The charismatic but divisive British leader finds himself facing a
political impasse, just six weeks after taking over from his beleaguered
predecessor Theresa May.

The new prime minister has vowed to take Britain out of the European Union
after 46 years — with or without a divorce deal — by October 31, but has
been blocked by parliament.

Johnson’s bid to break the deadlock through a snap general election on
October 15 is also facing an almost certain second successive defeat by
lawmakers Monday.

It comes after a week in which he took a battering from resignations and
sackings that included his own brother and Winston Churchill’s grandson,
leaving him without a working majority in parliament.

Two of his most senior ministers both rejected speculation Sunday that
Johnson had no real option but to resign.

But neither could say clearly how he intended to keep all his Brexit
promises without somehow bending UK law.

“Of course he is not going to break the law,” Foreign Minister Dominic Raab
told Sky News.

“We have a plan, which is to stick to what we have been doing,” Interior
Minister Sajid Javid told the BBC.

– ‘It’s no!’ –

The chaos is being compounded by Johnson’s decision to suspend parliament
for over a month from some point between Monday and Thursday.

The legal but controversial step was meant to remove domestic obstacles
while he uses his “no-deal” Brexit threat to wrest better divorce terms from
Brussels at a leadership summit on October 17-18.

But it ended up jolting parliament into racing through legislation forcing
Johnson to ask for what would be a third Brexit extension if no new deal
emerges by October 19.

Raab said Johnson would “test to the limit” the law in court.

European leaders are also sceptical that another delay designed to avoid
economic disruption was still worth all the political pain.

“In the current circumstances, it’s ‘no!’,” French Foreign Minister Jean-
Yves Le Drian told a Sunday political talk show in Paris.

“We are not going through this every three months.”

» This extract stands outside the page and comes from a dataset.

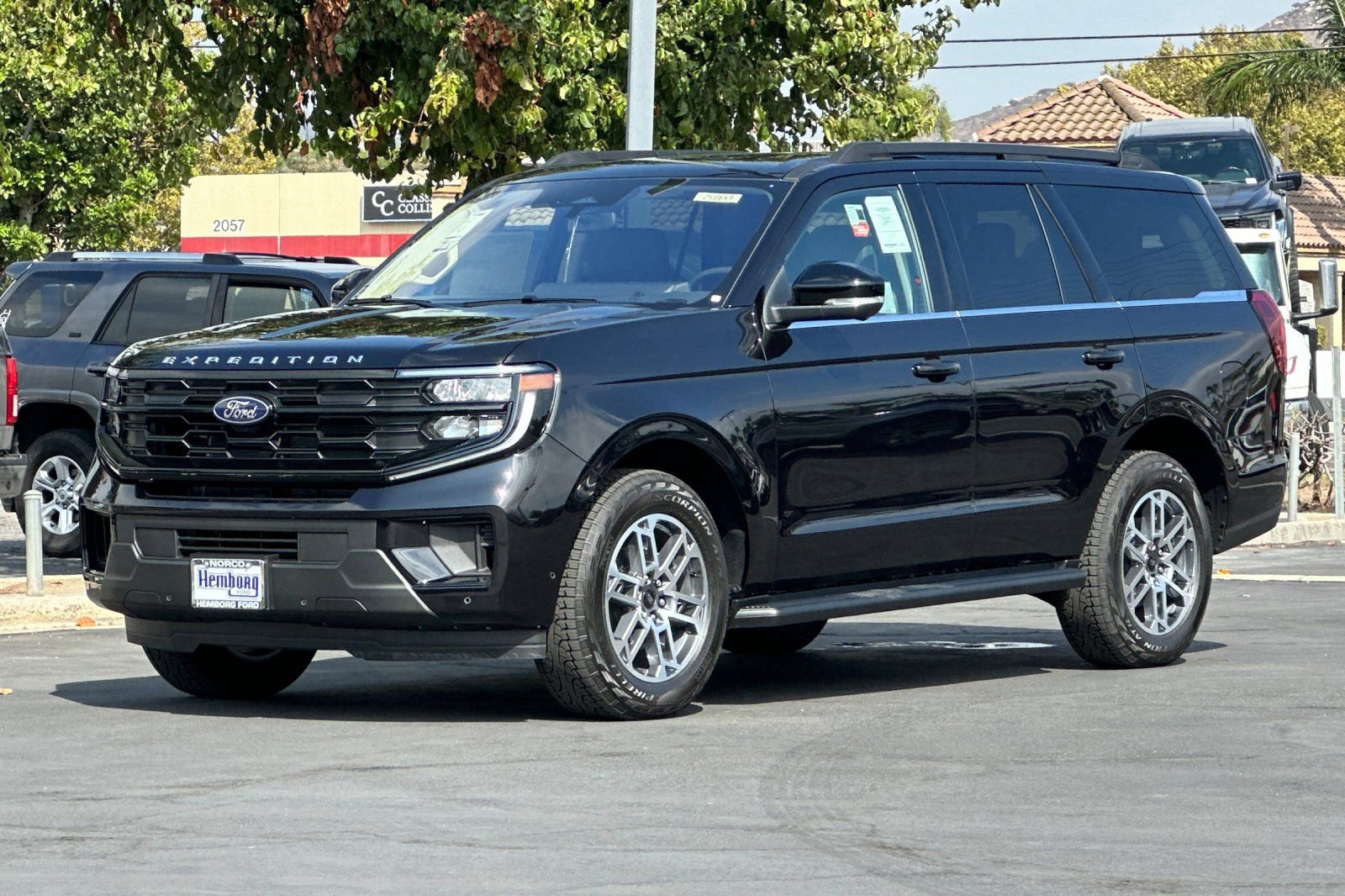 New 2025 Ford Expedition Active image 8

All 28 current EU leaders would have to approve what would be the third
Brexit extension this year.

– Low expectations –

The one EU nation that stands to lose the most from a messy breakup is
Ireland.

Brussels rules require a post-Brexit border to go up along what is now an
all-but invisible frontier with Britain’s Nothern Ireland if no alternative
arrangement is found.

The issue was meant to be resolved by a “backstop” — a complicated fudge
that kept the North partially in and out of the EU while the sides sought a
long-term fix.

But the backstop’s inclusion ended up costing Theresa May her premiership
after it was rejected by parliament three times.

Johnson pronounced it “dead” during his successful leadership campaign.

He travels to Dublin on Monday for his first official meeting with Irish
Prime Minister Leo Varadkar in search a short-term compromise.

It is feared that a hard border could hit the Irish economy and jeapordise
the 1998 Good Friday Agreement that brought the three-decade Northern Ireland
conflict to an end.

Yet Brussels has rejected the alternative proposals aired by Johnson as
either unworkable or unacceptable under EU rules.

Varadkar said he was keeping his expectations low heading into the talks.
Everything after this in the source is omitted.